[Community] Add pipeline for CLIPSeg x Stable Diffusion

NielsRogge commented 1 year ago

Model/Pipeline/Scheduler description

We've just added CLIPSeg to the 🤗 Transformers library, making it possible to use CLIPSeg in a few lines of code as shown in this notebook. The model is a minimal extension of CLIP for zero-shot and one-shot image segmentation.

It'd be great to create a new pipeline that leverages it for text-based (prompt) image inpainting. This way, people can just type whatever they want to inpaint in an image with a model like Stable Diffusion.

The idea of leveraging CLIPSeg was proposed here: https://github.com/amrrs/stable-diffusion-prompt-inpainting.

Open source status

[X] The model implementation is available
[X] The model weights are available (Only relevant if addition is not a scheduler).

Provide useful links for the implementation

CLIPSeg is available here: https://huggingface.co/docs/transformers/main/en/model_doc/clipseg.

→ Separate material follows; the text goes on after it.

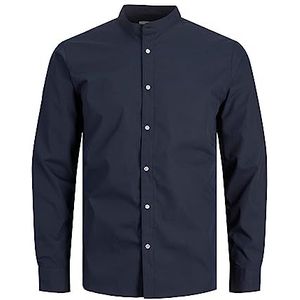 JACK&JONES PLUS Jjjoe T-shirt Ls Plain Mao Pls heren overhemd, marineblauw blazer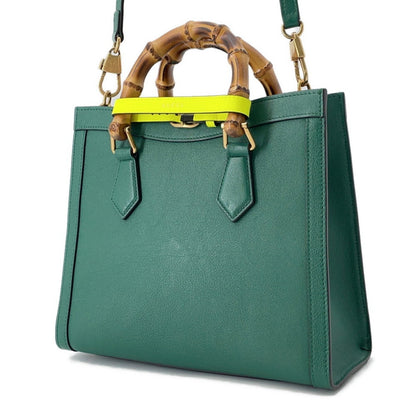 Gucci Green Leather Diana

dblunk88 commented 1 year ago

nice! This could be combined with inpainting to potentially (more accurately) replace existing things in an image.

WASasquatch commented 1 year ago

I still love the idea of this, but the detection and mask creation is still an inherent problem. Sure it looks nice in your example against a white background, but anything else, and the masking is clearly visible in the diffusions in painting in anomalies with it's boundary. This needs some sort of algorithm to create curved points between edges.

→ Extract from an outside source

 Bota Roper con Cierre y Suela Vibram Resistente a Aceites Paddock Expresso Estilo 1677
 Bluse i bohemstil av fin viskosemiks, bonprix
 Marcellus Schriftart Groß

nokunato commented 1 year ago

Hi novice here, but can't seem to use diffusers when making use of this CLIPseg. Is there anyway around this. The command down below doesn't seem to run when using "from transformers import CLIPSegProcessor, CLIPSegForImageSegmentation". Help

device = "cuda" pipe = StableDiffusionInpaintPipeline.from_pretrained( "CompVis/stable-diffusion-v1-4", revision="fp16", torch_dtype=torch.float16, use_auth_token=True ).to(device)

unography commented 1 year ago

Hi @patrickvonplaten , I added a PR for this here - https://github.com/huggingface/diffusers/pull/1250

WASasquatch commented 1 year ago

I wonder if CLIPSeg can be improved with Guassian Blur and SVG Tracing, producing a two tone mask that has curved tracing based on Gaussian smoothing. Has this been suggested to CLIPSeg? I really want something like this in diffusers, but also want it to be complementary with art and fidelity.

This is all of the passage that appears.